Hello Mr. readers are already pretty adept at connecting with each other both online via social media and in person at Hello Mr. events, but what if they could connect with clients, business partners, and employers, too? “One thing I’ve noticed is that creative talent agencies and advertising companies are looking for queer talent, and there’s not really a great source to find them,” says Fitzgibbon.
But with Hello Mr.’s established practice of publishing user-submitted work, it’s naturally grown a visually creative readership, and has become a go-to source for discovering emerging, majority gay talent. Fitzgibbon receives between 500-700 submissions each year—much more than the biannual magazine can ever hope to print or share on Instagram.
Fitzgibbon sees this as an “opportunity to create a larger platform and spotlight the people we’re already working with.” Like a gay Behance, I offer? No, Fitzgibbon demurs, comparing his ideal platform to content-first sites like Medium, where members can create profiles, upload the Hello Mr. work they’ve made, and share it with like-minded clients.
A core part of this membership model is access to a private online message board styled after the popular Facebook group Hello Mr. Guild that’s spurred so many IRL connections (fellow members meet for coffee, establish mentorships, or even couch surf in one another’s homes). But if these conversations are already happening organically on all of Hello Mr.’s social platforms, why move them behind a member wall—even if people are happy to pay the fee?
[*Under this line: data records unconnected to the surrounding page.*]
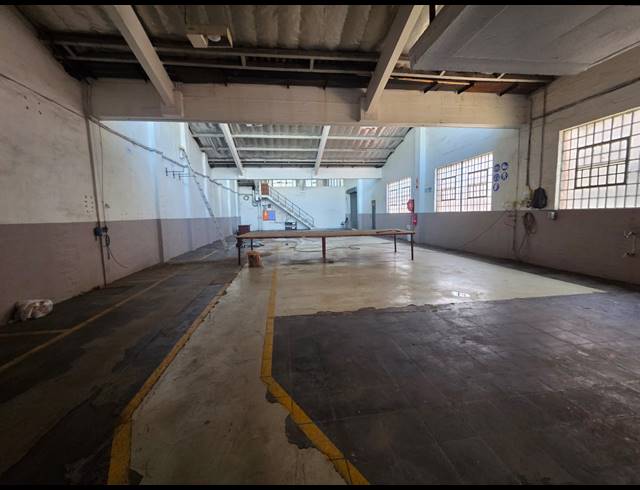 584M² WAREHOUSE TO LET IN JACOBS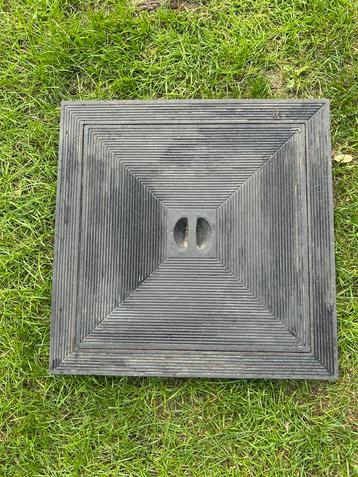 Putdeksel 50x50 dubbel gietijzer voor zware belasting, Enlèvement, Comme neuf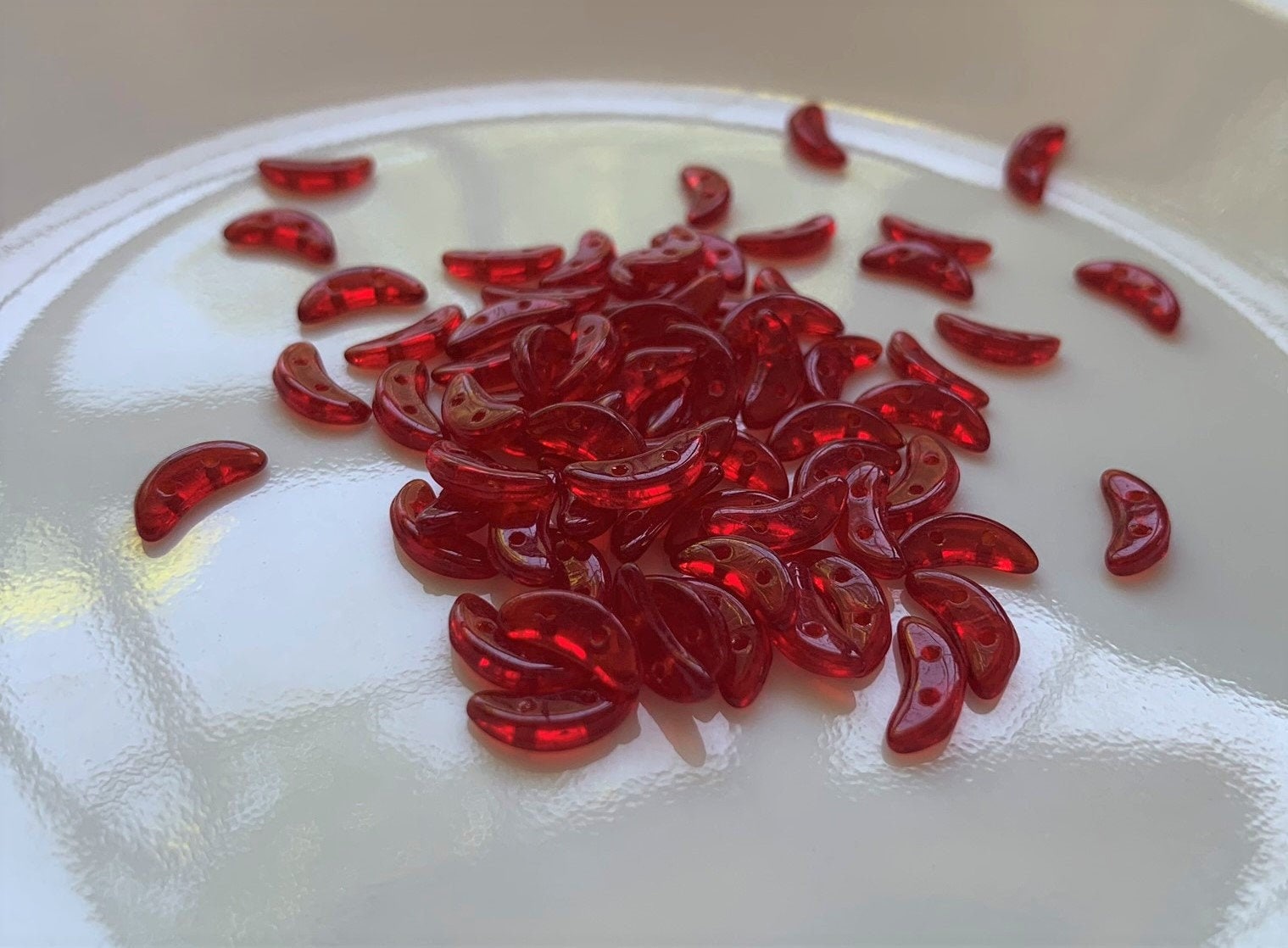 40 pcs CzechMates Crescent beads, Siam Ruby, 10x3mm, Czech Pressed Glass Beads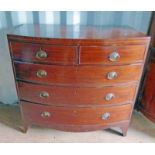 19TH CENTURY MAHOGANY BOW FRONT CHEST OF DRAWERS .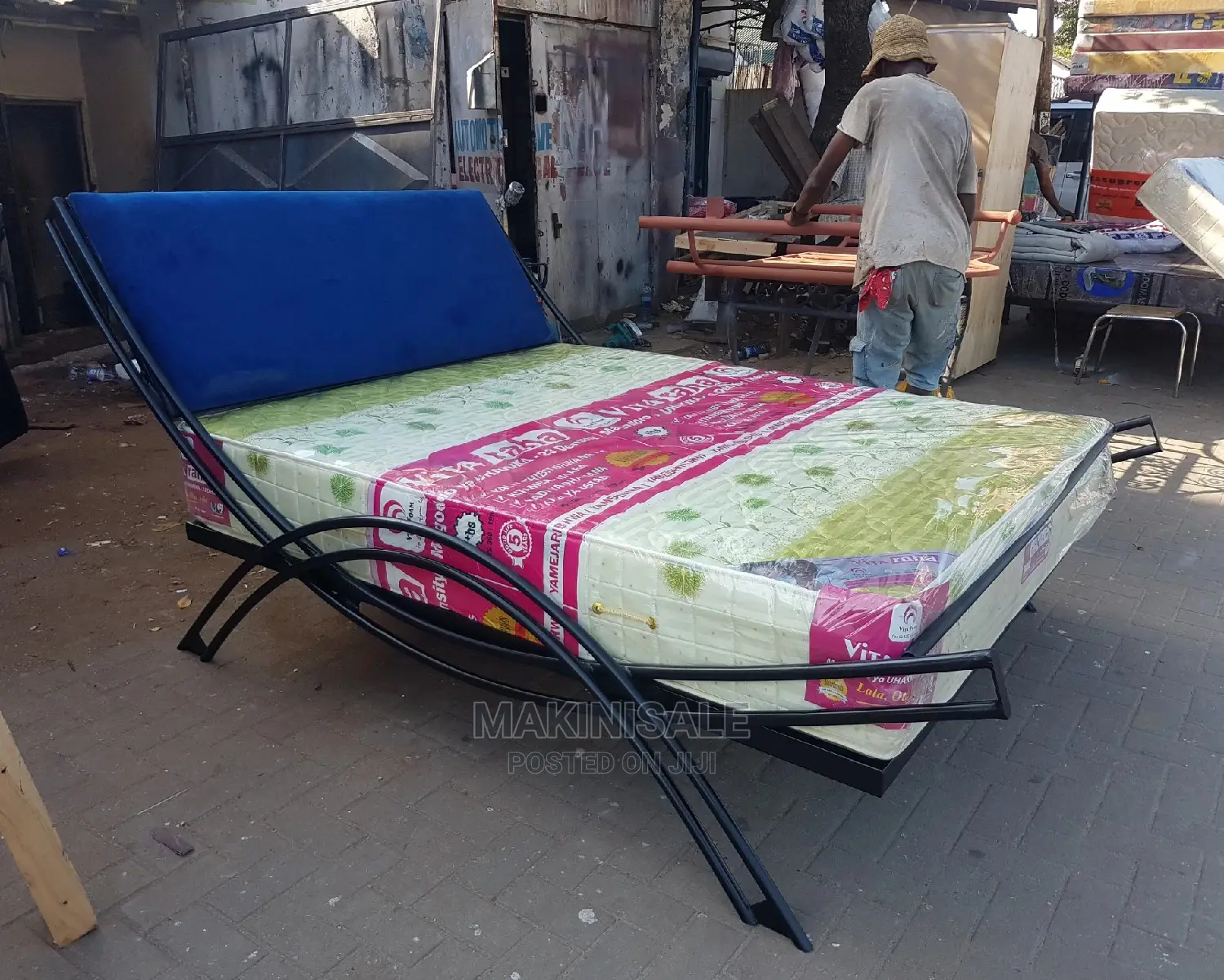Kitanda Kizuri Sana Simple Kwa Bei Nafuu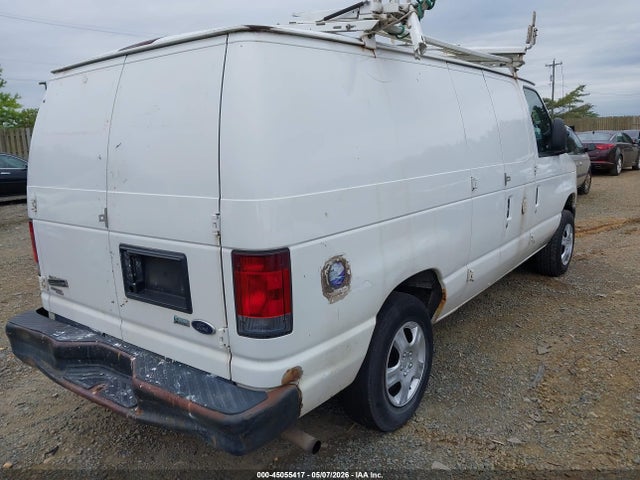 Ford E-150 Commercial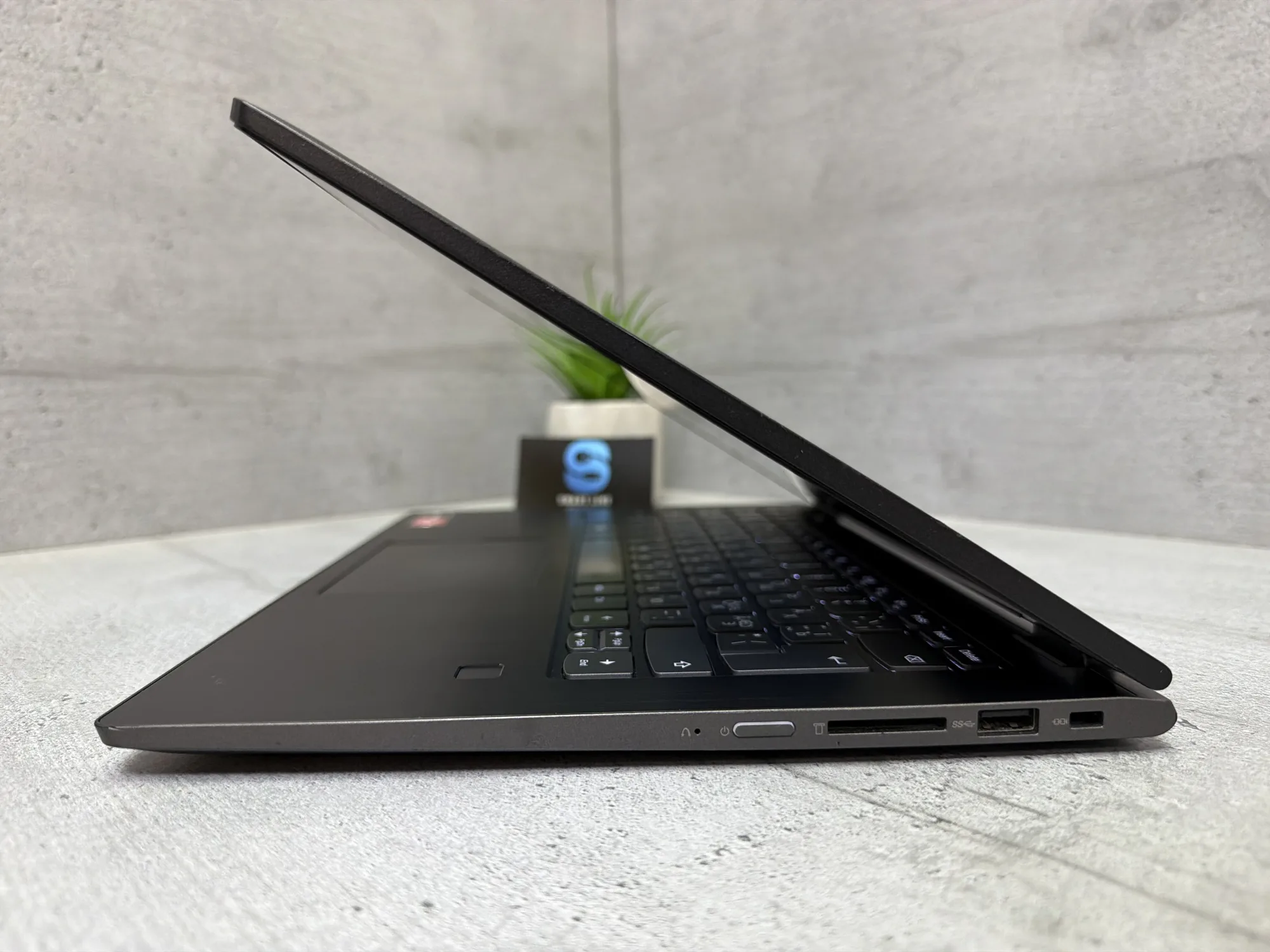 Ноутбук Lenovo Yoga 530-14ARR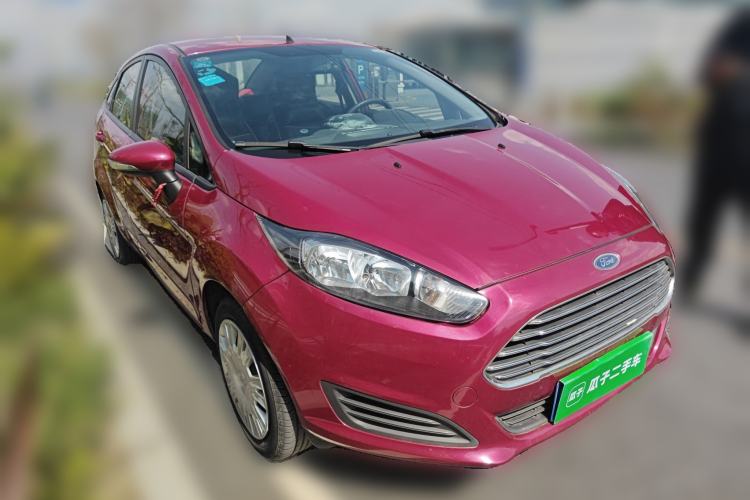 Used Ford Fiesta 2013 Sedan 1.5L Manual Fashion Edition
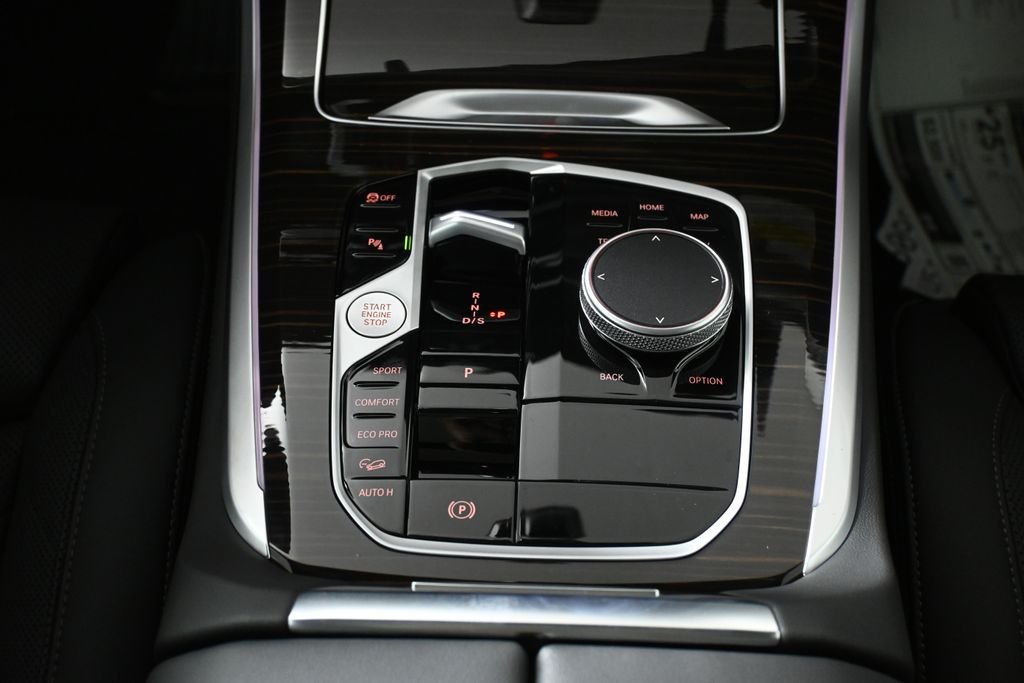 New 2026 Black Sapphire Metallic BMW xDrive40i image 24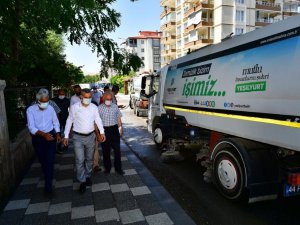 Başkan Çınar, temizlik çalışmalarını inceledi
“Changing people’s behaviors and asking them to migrate to a new platform is difficult,” Fitzgibbon concedes, “but I’m not trying to create a new gay social network; I’m creating an option for people who are already loyal to the brand to have a safe, shared space for those conversations.”
While the brand alone instills a sense of trust, creating a private, members-only space free from anti-gay trolls might just be they key to enabling more fruitful conversations around divisive issues. “The LGBTQ community is shifting and experiencing a lot of turmoil about our sense of togetherness. I’m cautiously watching and experimenting to see what could encourage a better dialogue,” says Fitzgibbon. As an example, he cites the recent “inclusion of two new colors, black and brown, to the rainbow flag brought on by the Philadelphia Office of LGBT Affairs. The community is struggling to accept it, and these inner internal conflicts are counter to the cause of equality.”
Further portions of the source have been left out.